In many places, managers are subtly discouraged/disincentivized from doing this by not being given enough power to properly reward their people.

Being granted poor rewards or being denied a raise or promotion by organizational powers-that-be for reasons like budget or priorities is a morale killer when your manager has given you nothing but positive feedback and affirmation that you are clearly meeting/exceeding clear expectations. Being able to say "well, you were given a lot of freedom, and you chose to pursue things that didn't have the right kinds of impact" is an easy get-out-of-jail-free card for a manager, and is only really effective if you've been stringing someone along with arbitrary mixed feedback and unclear or constantly shifting goals.


I recently experience a great manager after 11years working as freelancer and employee and I have seen a broad range of great and deeply disturbing managers.

What I learn is that Without looking to much on how your manager work or does for you and your team,you have to see how are you improving in your skills and trade because of him. The best managers I work for made me a better professional and mindful about my own skills.

There are so many styles and ways to lead people, at the end the thing to look is how a manager made you a better professional and a better team member, and finally what you improve because of them


I've had 9 managers in the last 4 years and I'm going to make two different points about good managers:

POINT #1

Lou Holtz [0] has a great quote about leaders:

"You ask every leader three questions:

1. Can I trust you?

2. Do you care about me?

3. Are you committed to excellence?

Think about someone you've always thought of as great leader and I bet the answer to all three is 'yes'. Now, think of someone you are having problems with and I bet the answer to all three is probably 'no'".

I think about that quote all of the time when interacting with managers.

POINT #2

One way to categorize management is into two different types:

Type 1

The "widget maker". Here the manager is the smartest person in the group and they know more than any other of their underlings. Each employee is considered replaceable because the manager is the one that knows everything so it doesn't matter if a junior person leaves.

Type 2

The "film director". Every member of the team is better than the manager at their particular speciality. e.g. the Special Effects head knows way more than the director ever could about SFX. That means that it becomes the manager's job to be the co-ordinator and get this disparate group of folks to work together towards a shared vision. In fact, part of the director's job is to make that vision and then communicate it in such as way that everyone wants to participate.

This goes both ways in that the "director" needs to trust the team members to do their best work and they, in turn, need to trust the director to "steer the ship" in the right direction.

Personally, I MUCH prefer the "film director" mode although there are times where it's nice to have a manager that knows more about a key part of the work than you do so that you can learn from them.

[0] http://triplecrownleadership.com/the-3-questions-asked-of-ev...


On a somewhat related note, I'm curious what people think of having a remote manager? Either they're in another office/timezone, or you work remotely.

I work in an office, and prefer doing so as I like being around my colleagues. I find it easier to collaborate and, despite being an introvert, like being around other humans.

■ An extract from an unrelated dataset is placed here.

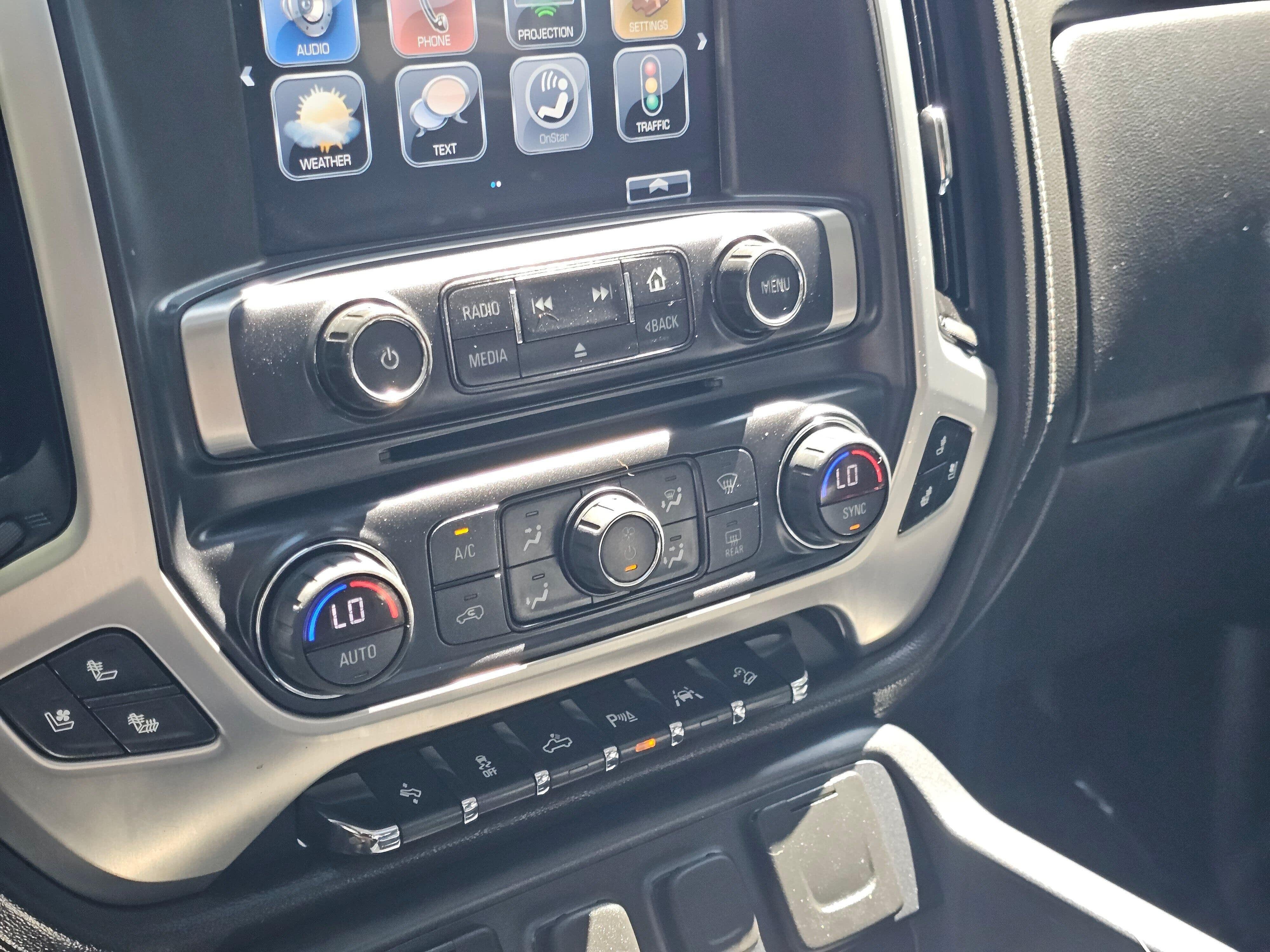 Used 2017 White Frost Tricoat GMC SLT image 30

I've had times when my manager has been on another continent and it's been the most frustrating thing for me as they're not just there, on the other side of the desk, when I need them.

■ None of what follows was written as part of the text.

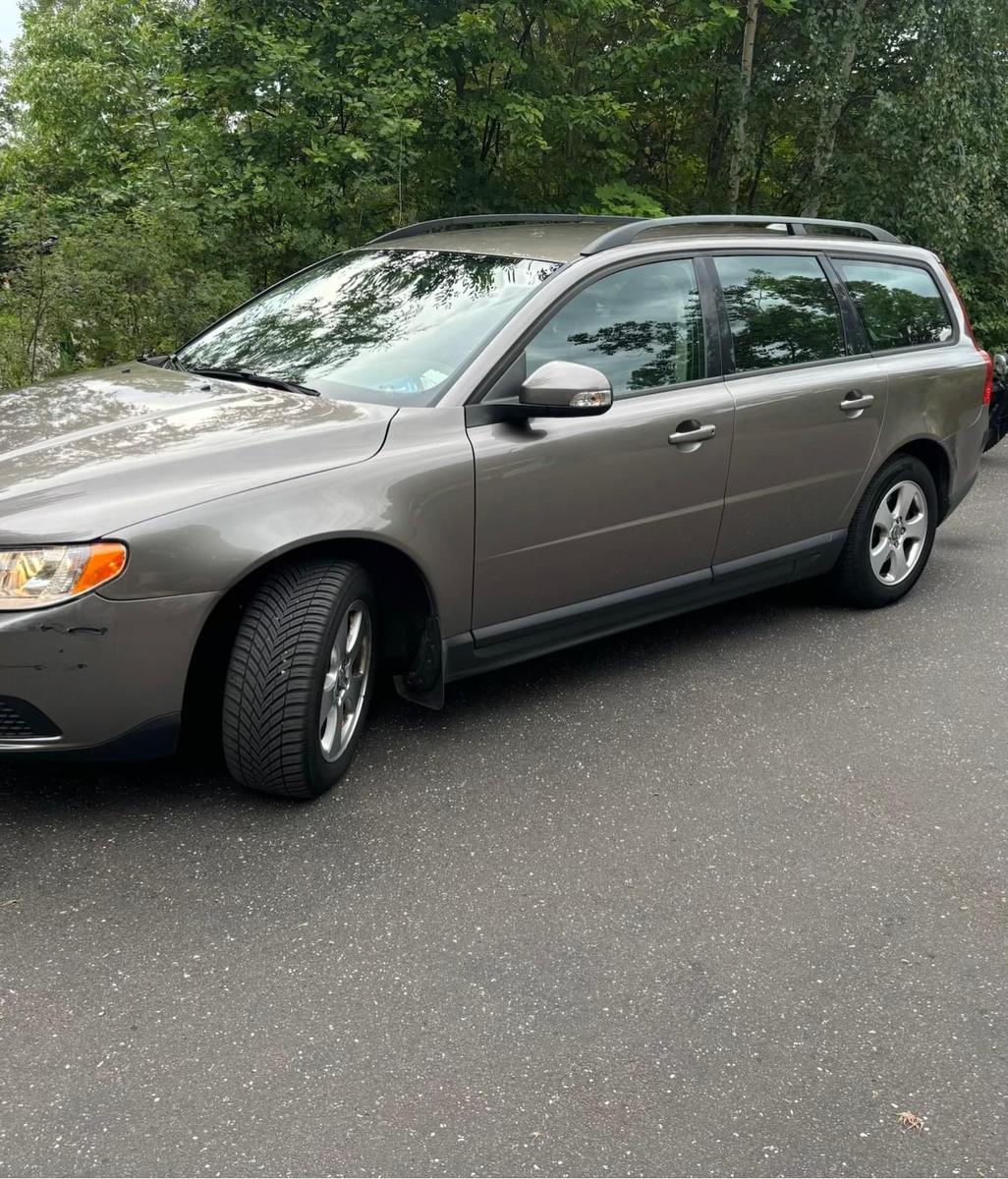 Volvo V70 2007 — photo 13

I am about to leave a company made by very bad managers, even if my line manager is great (he is a former rugby player and rugby manager, then he really know how to manage a team).

Good manager:

* It's a person that I can trust, everytime

* He is always on my side, even with upper managers

* No micromanagement (he is in another office, far away from me)

* Very clear and deep communication (sometimes is a bit verbose, but it's okay)

* He can take reponsabilities and fight for them

* He always drive me to growing

* Care about people and feelings

Bad managers

* No responsabilities at all

* Care about end year bonus, not about people

* Using people to fight each other

* No communication at all

* Trying to exploiting people with tricks and hidden moves

* Manipulators

* Arrogants and conceiteds


> He is always on my side, even with upper managers

Give one example why you need to go against upper management. UM wants you to achieve their design, they don't want you to be free will and do what you think it's best for the company.


Upper management is not omniscient. They may want you to achieve their design in an unrealistic timeframe or with unrealistic resources. Their design may not be technically possible.

It's perfectly normal for line-level management to push back in cases like this. Failing to do so means that line-level management will be setting themselves and their team up for failure.


I never said they're omniscient. But it sounds bad middle management than C-LEVEL bad management. When things are asked to be done, there's a process to know this. Nothing starts, at least, in serious companies, without measuring the scope the project, the time requiered and the amount of resources (maybe you need to hire more or something pro on that area) to achieve something.

It's true there are companies where the CEO jumps on the role he wants and start changing things micromanaging.


I worked at several small companies. One had good management, and I always was aware of that. I didn't always agree with them, but they treated me right. Another small company had a Great Manager and an Upper Asshole.

A Great Manager is the firewall/proxy between you and the Upper Asshole. He translates the orders into something reasonable that works for you and that you can work with. He sees what you need, if you're in trouble, and keeps you from getting into big trouble by keeping watch. He jumps in if necessary to help out if he can.

The Upper Asshole I'm talking about took over in the end, because the Great Manager left and nobody else wanted to take over that role.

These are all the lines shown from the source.